Design · 9 min read
Extractive 2.0: The Enduring Logic of the Extractive Empire
A Systems Model for Cross-Disciplinary Coordination
Extractivism is a planetary cancer.
The illusion of progress is often sold as modernity by the Global North to the Global South. The drive for scale during the Industrial Revolution transitioned into the rise of technological commerce, which continues to propel transnational corporations toward what I call extractive obesity – extractive overshoot practices that excessively exploit resources and labor from mining communities. This unfettered extraction of resources relies upon the destabilization of communities in African regions rich in mineral resources. These communities become “sacrifice zones” and “sacrifice bodies”. Surviving within the global economic system in the name of progress requires ecological and social compromise from our leaders, often leaving these communities with the existential threat of self-termination.
Today, as artificial intelligence companies build what Karen Hao calls the “Empire of AI,” the same colonial patterns are being replicated globally through data extraction. This new form of extraction exploits vulnerable workers while concentrating power among a small group of Silicon Valley elites.
The journey from physical to digital extraction is not a radical break from the past; it is a direct continuation of the same economic and social logic.
The Anatomy of Physical Extraction
Any meaningful analysis of our device society must begin with the physical realities that define it. The historical and contemporary practice of mineral extraction in the Global South provides a powerful and tragic entry point into this discussion.

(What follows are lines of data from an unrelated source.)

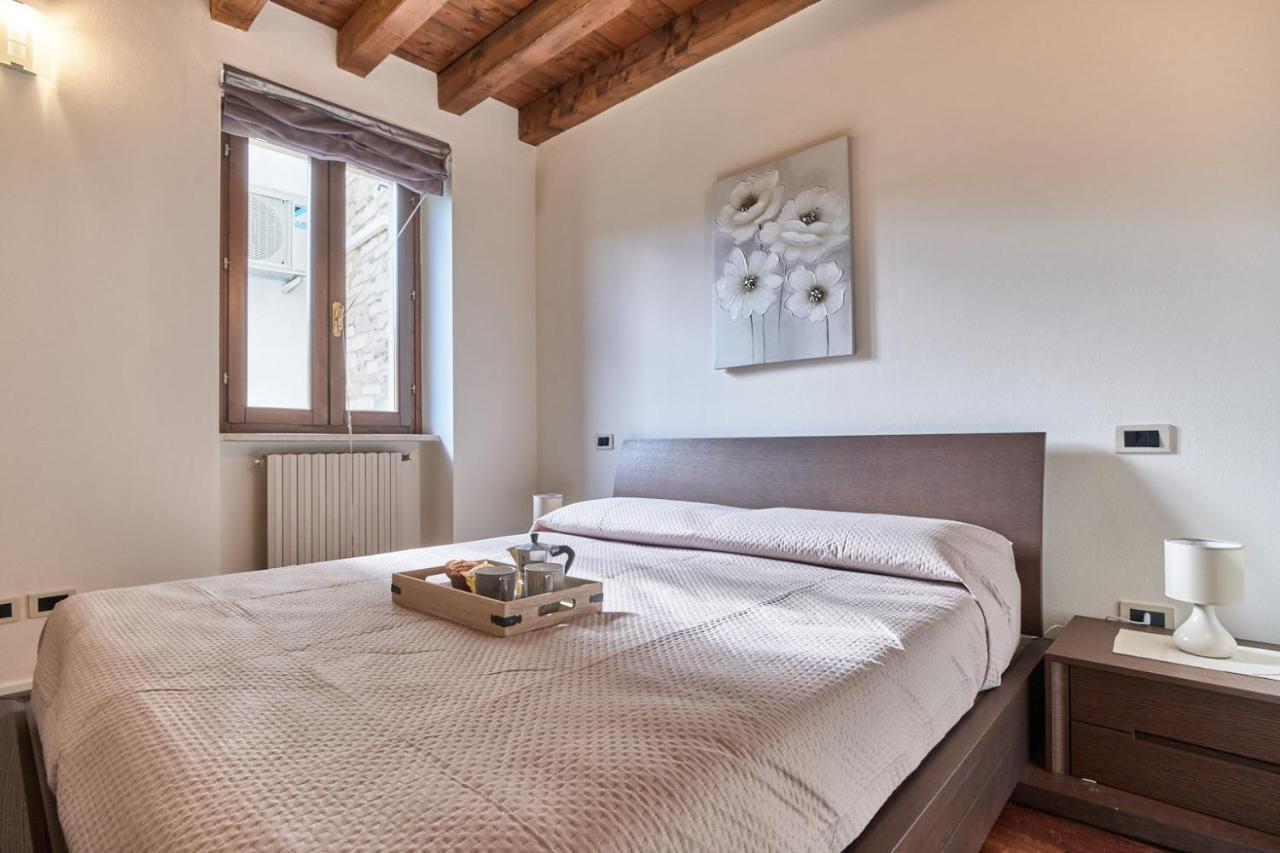 App. Maison Doree Desenzano del Garda Esterno foto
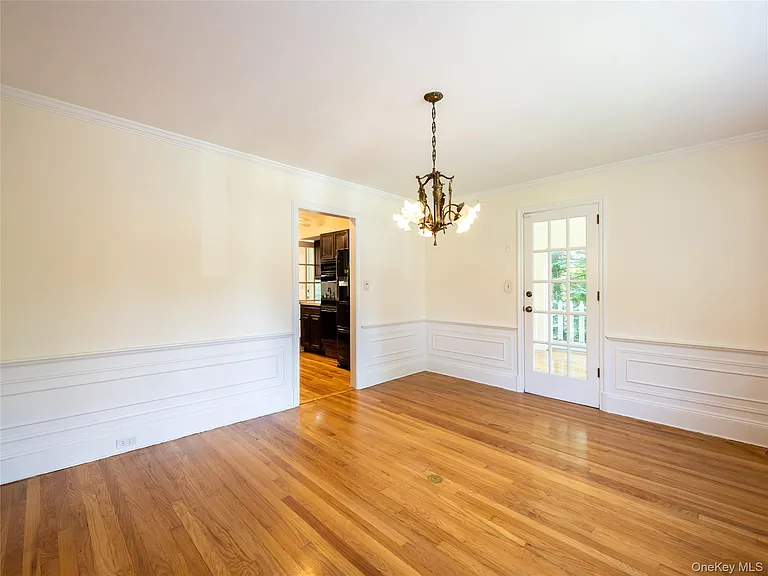 91 Pickwick Rd — Photo 13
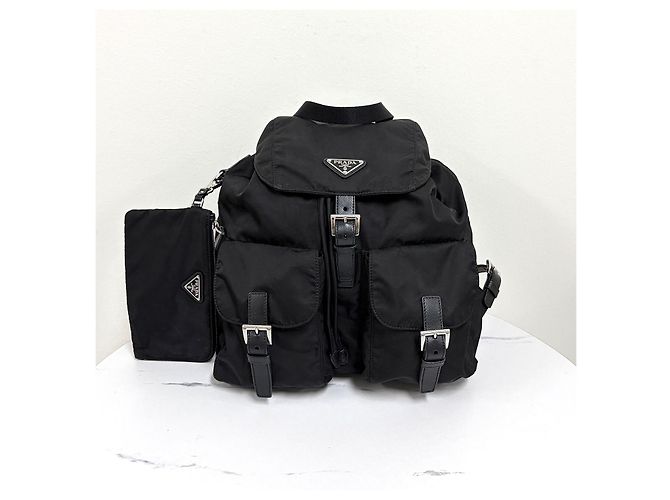 Prada Sac à dos Medium en nylon avec logo triangle Noir - vue 6
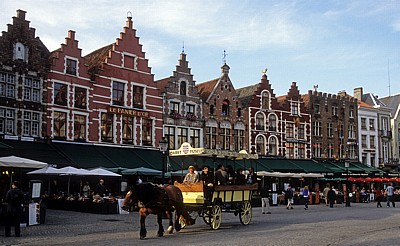 Grote Markt: (Neo-)Gotische Giebelhäuser - Brügge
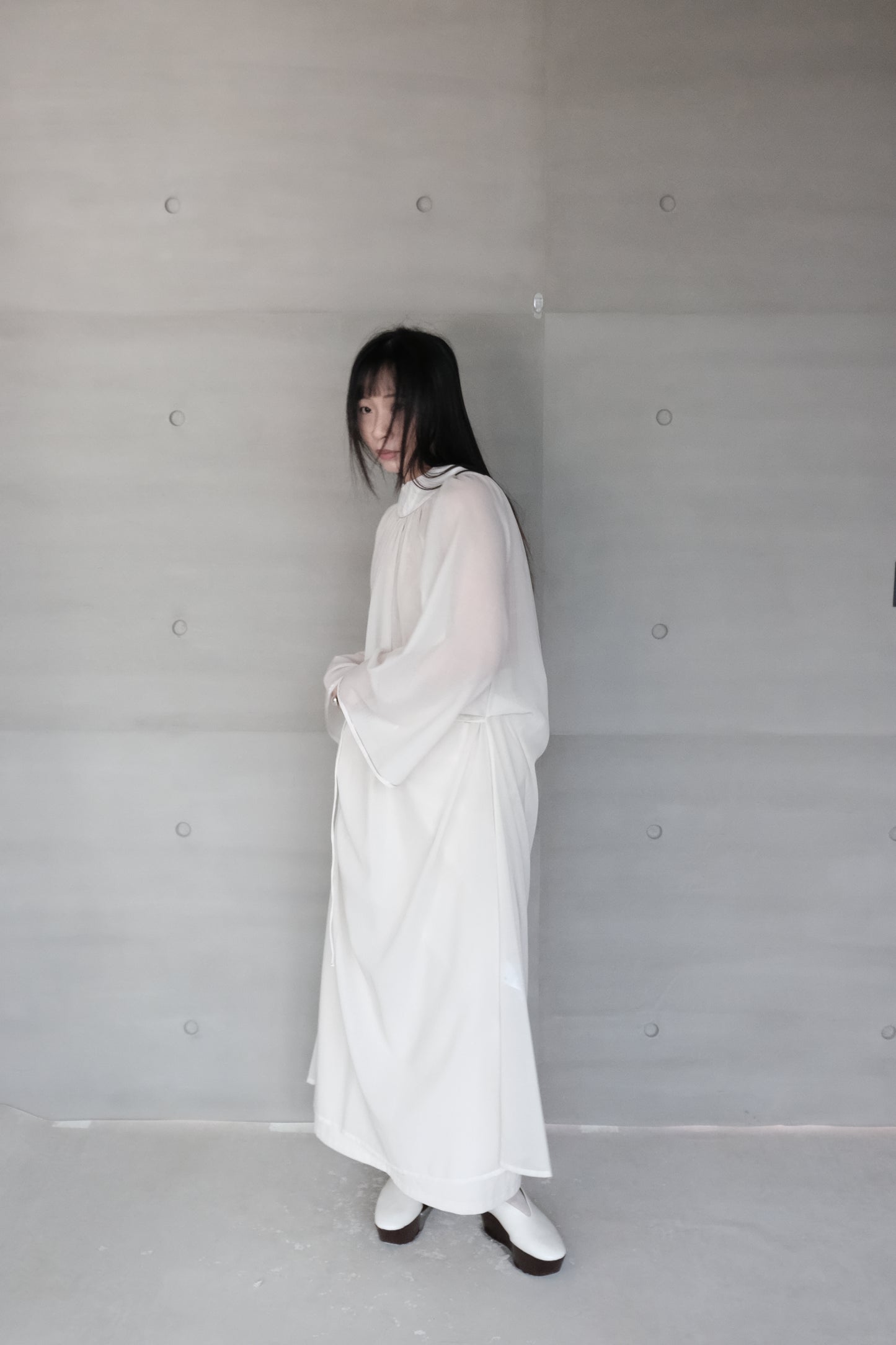 wide sleeves gathered dress- ivory (in-stock)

Extractive capitalism in the Global South and the sharing of African resources without Africans’ consent began with the Berlin Congo Conference of 1884. Formal colonialism has ended, but colonial perceptions of Africa remain, and a neocolonial fractal supply chain of exploitation of resources and labor continues to gut Africa of its mineral wealth for the production of finished products. Rock-bottom prices force artisanal miners to expand their mines. Where maximized extraction is the only way to survive, disasters plague communities. The 2020 Kamatuga mine collapse, which killed 50 Congolese miners, was one of the worst in memory. The pattern of exploiting the world’s poorest to create wealth extends to AI development, where Scale AI and Sama have utilized Venezuela’s economic collapse and the pandemic’s economic impact in Kenya to force workers into psychologically damaging tasks in exchange for abysmally low wages. Hao traces Kenyan workers receiving $2 an hour to filter toxic content for OpenAI, including child sexual abuse material.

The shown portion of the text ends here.